A memória que se constrói sobre a cidade vai ganhando novos elementos. Em meio ao retorno das atividades nas ruas após meses de isolamento na pandemia, no segundo semestre do ano de 2021 essas manifestações ganharam força, surgindo em prédios públicos, em parcerias realizadas com empresas privadas ou com a realização de novos circuitos e festivais de arte urbana. Para além da estética, essas ações promovem reflexões sobre uso e identidade do patrimônio histórico e arquitetônico e são provocações, além de  valorizar a produção de artistas da cidade.

Por Maku

O Circuito Urbano de Intervenções Artísticas (CUIA Teresina) é uma dessas ações. Lançado com o chamado “bora discutir a cidade?” e tendo a região central como palco, propôs um conjunto de debates, instalações e exposições que permanecem acessíveis à população.

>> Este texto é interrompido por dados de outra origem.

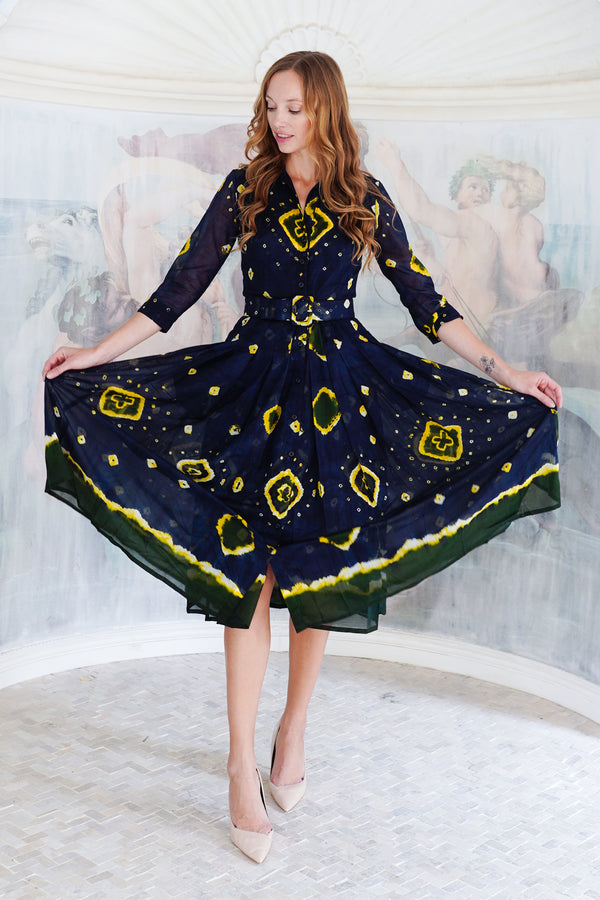 Audrey Dress #4 Shirt Collar 3/4 Sleeve Midi Length Cotton Musola (Tahikistan Tie Dye)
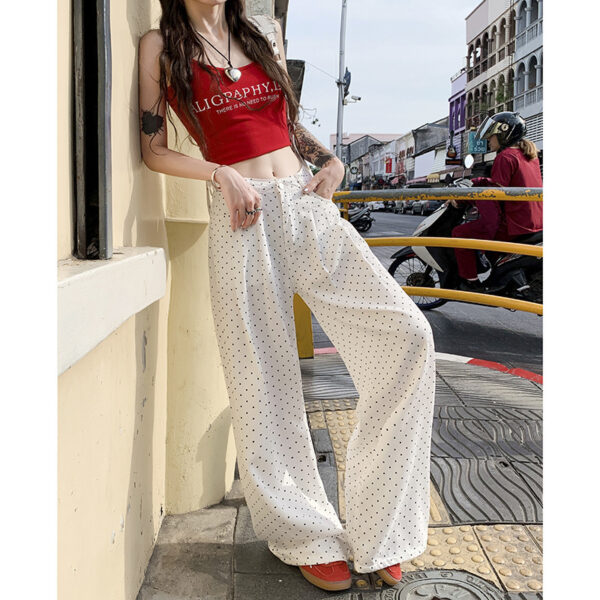 White Polka Dot Lyocell Jeans Female Pleated Design Baggy Straight Trousers - Image 3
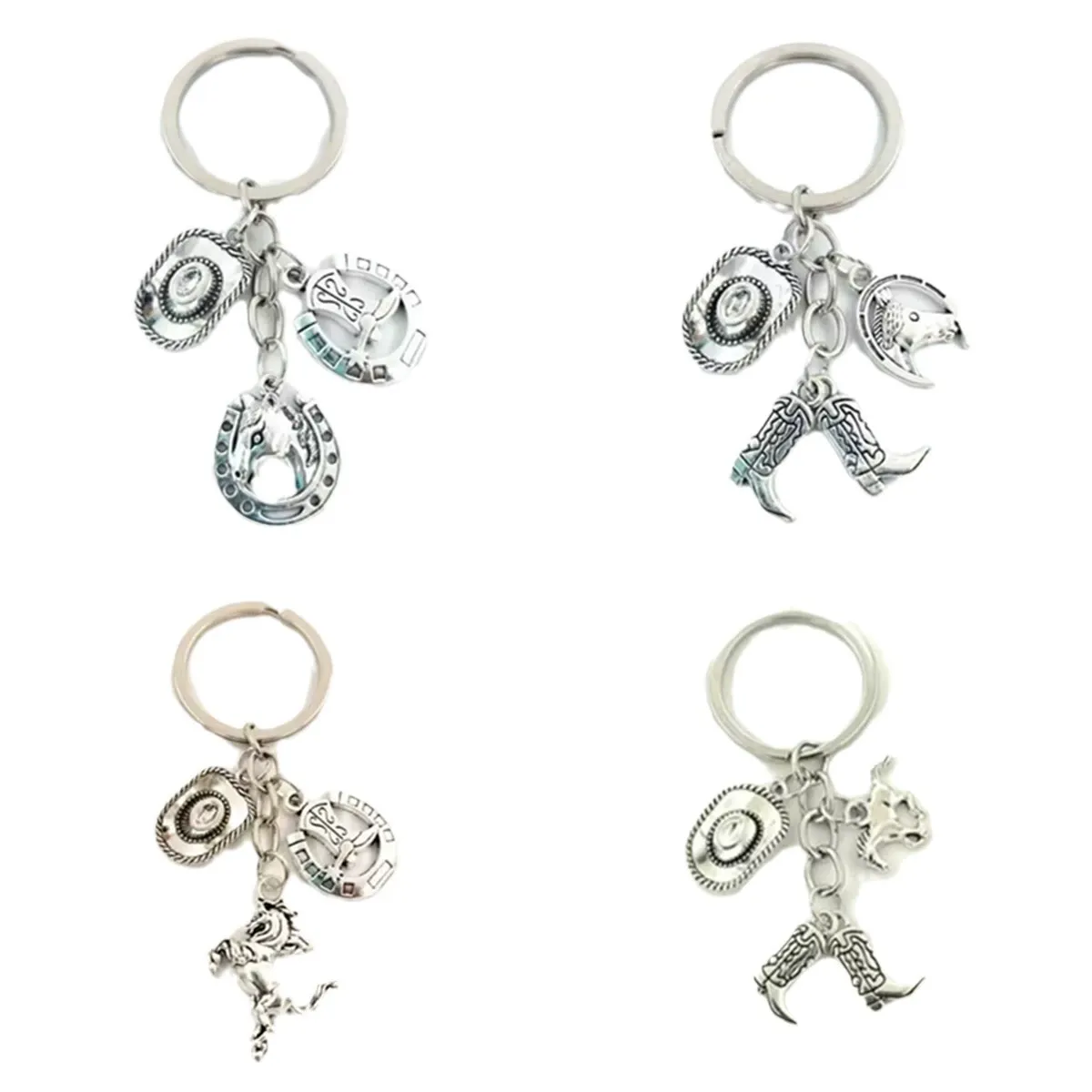 Western Denim Series – Horse Hat & Cowboy Boots Zinc Alloy Keychain | Rustic Gift for Friends Who Love Country Style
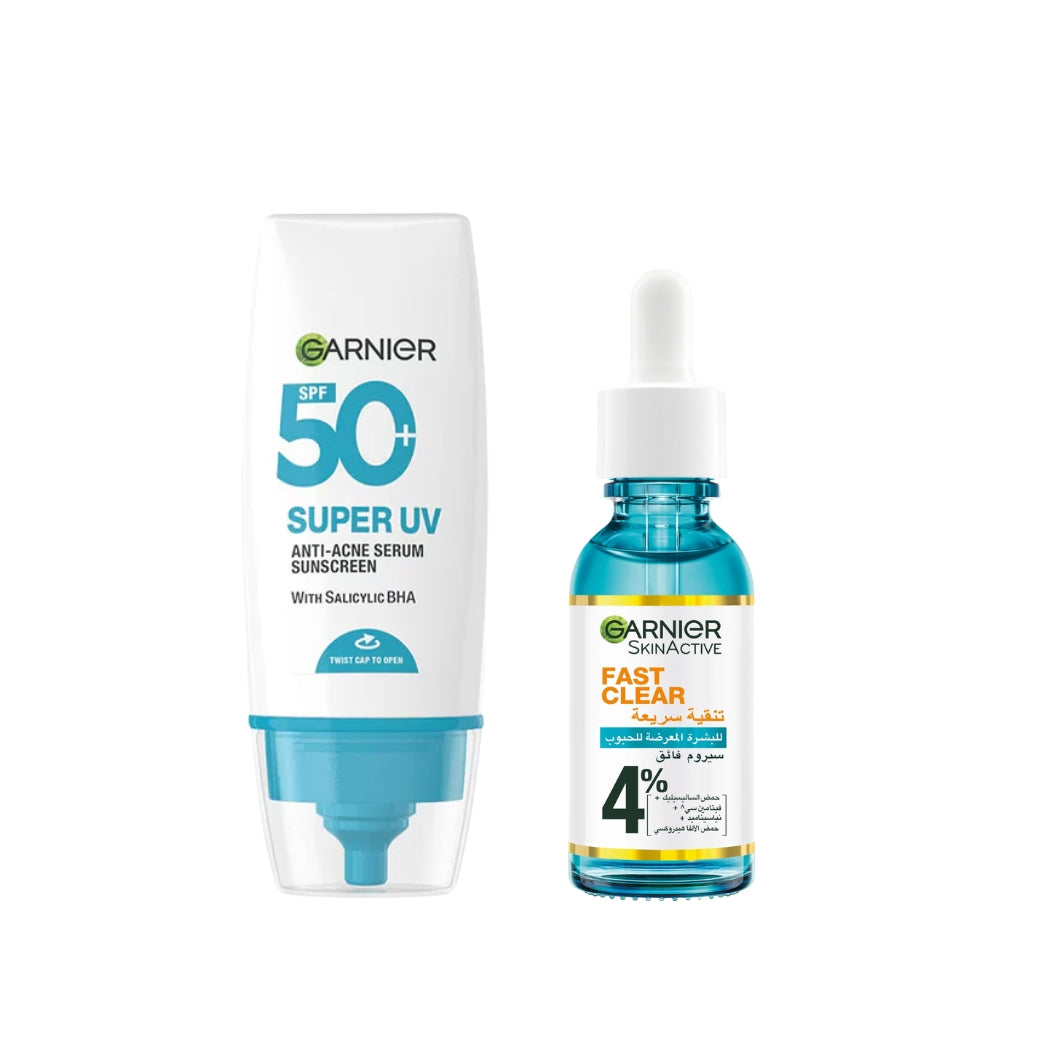Super UV Clear Skin Duo SPF50+ Anti-Acne BHA Sunscreen 30mL + Fast Clear Serum 4%30mL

Com o grafite, Marcus Batista, o Maku, foi um dos responsáveis pelo projeto “Tinta na Federal”, reunião de artistas que, em 2018, deram os tons para 1,3 km em pinturas nos muros da Universidade Federal do Piauí (UFPI). “Ainda naquele ano nós lançamos o catálogo Galeria de Arte Urbana no Salão do Livro do Piauí que foi relançado no festival CUIA em formato de e-book”. Marcus divulga todos os trabalhos por meio do perfil no Instagram @arteurbanateresina. Reunindo experiências anteriores, Maku, muralista e membro da produção do festival, conta que o CUIA Teresina foi uma oportunidade de troca, e permitiu acompanhar novos artistas e perceber a força da atuação coletiva na promoção do diálogo entre arte e população.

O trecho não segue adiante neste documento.